This week in July, 1916, heavy fighting between Allied and German troops around the village of Pozières in northeast France led to some of the heaviest casualties on the Western Front during World War I. The bloodshed occurred as part of the Allied offensive, led by Britain and France, in the Somme. On July 1, the first day of that campaign, Allied troops had suffered almost 60,000 casualties.

Over the ensuing weeks, the offensive became mired in a series of attacks and counterattacks, without any clear victor. Allied commanders viewed Pozières as particularly important, because of its role as a defensive outpost for Germany’s second line trench system. The ridge to the east of the village was also strategically sensitive, as a potential base of operations against German positions to the north. Between July 13 and 17 British forces made a number of moves against the village, which were repelled with heavy casualties.

A full-scale assault was planned for July 22-23. It involved a British reserve division and three Australian divisions. Allied forces succeeded in capturing the village on July 23. Germany responded with a massive artillery bombardment, which reached its peak on the night of July 26. The Australian first division reported 5,285 casualties by the time it was relieved the following day.

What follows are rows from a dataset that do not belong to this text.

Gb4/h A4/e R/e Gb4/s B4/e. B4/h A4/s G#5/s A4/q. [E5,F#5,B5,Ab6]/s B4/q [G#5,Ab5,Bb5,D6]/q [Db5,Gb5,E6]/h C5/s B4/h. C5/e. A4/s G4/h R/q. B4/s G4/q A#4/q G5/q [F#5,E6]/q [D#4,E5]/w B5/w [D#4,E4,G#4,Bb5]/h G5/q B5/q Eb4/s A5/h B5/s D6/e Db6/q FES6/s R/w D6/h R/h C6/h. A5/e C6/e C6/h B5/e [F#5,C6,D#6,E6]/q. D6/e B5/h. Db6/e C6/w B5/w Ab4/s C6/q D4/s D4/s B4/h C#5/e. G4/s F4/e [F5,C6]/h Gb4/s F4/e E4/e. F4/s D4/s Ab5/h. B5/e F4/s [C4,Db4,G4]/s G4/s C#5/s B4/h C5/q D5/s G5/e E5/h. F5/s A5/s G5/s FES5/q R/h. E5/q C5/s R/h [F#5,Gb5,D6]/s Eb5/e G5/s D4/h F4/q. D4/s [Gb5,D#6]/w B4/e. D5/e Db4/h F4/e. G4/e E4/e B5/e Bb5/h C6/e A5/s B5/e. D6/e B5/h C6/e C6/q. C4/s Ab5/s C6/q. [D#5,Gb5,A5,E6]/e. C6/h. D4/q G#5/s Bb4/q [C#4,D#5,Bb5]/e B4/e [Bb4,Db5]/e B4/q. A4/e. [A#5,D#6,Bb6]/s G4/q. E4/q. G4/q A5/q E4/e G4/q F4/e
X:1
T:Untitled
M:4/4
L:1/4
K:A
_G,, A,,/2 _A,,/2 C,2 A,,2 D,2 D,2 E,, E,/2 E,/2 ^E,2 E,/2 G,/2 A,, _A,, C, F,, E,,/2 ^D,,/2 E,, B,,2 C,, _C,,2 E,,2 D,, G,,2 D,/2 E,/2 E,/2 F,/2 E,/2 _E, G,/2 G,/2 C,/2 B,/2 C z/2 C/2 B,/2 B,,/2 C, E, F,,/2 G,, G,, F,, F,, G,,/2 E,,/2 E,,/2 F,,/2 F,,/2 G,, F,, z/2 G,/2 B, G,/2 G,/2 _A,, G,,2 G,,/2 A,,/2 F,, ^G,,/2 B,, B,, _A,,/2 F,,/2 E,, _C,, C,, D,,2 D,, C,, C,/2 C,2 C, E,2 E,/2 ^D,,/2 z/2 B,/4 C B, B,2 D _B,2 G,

In the course of the week’s fighting, three Australian divisions suffered a total of 23,000 casualties, including almost 7,000 dead. Charles Bean, the pro-war correspondent who covered the Australian war effort in WWI, declared that Pozières was “more densely sown with Australian sacrifice than any other place on earth.”

Military command on both sides continued to send soldiers to their deaths in the Somme until the end of November, with troops often sacrificed for territorial gains measured in meters. By the end of the battle, the Allied forces had suffered almost 800,000 casualties, and German troops over half a million.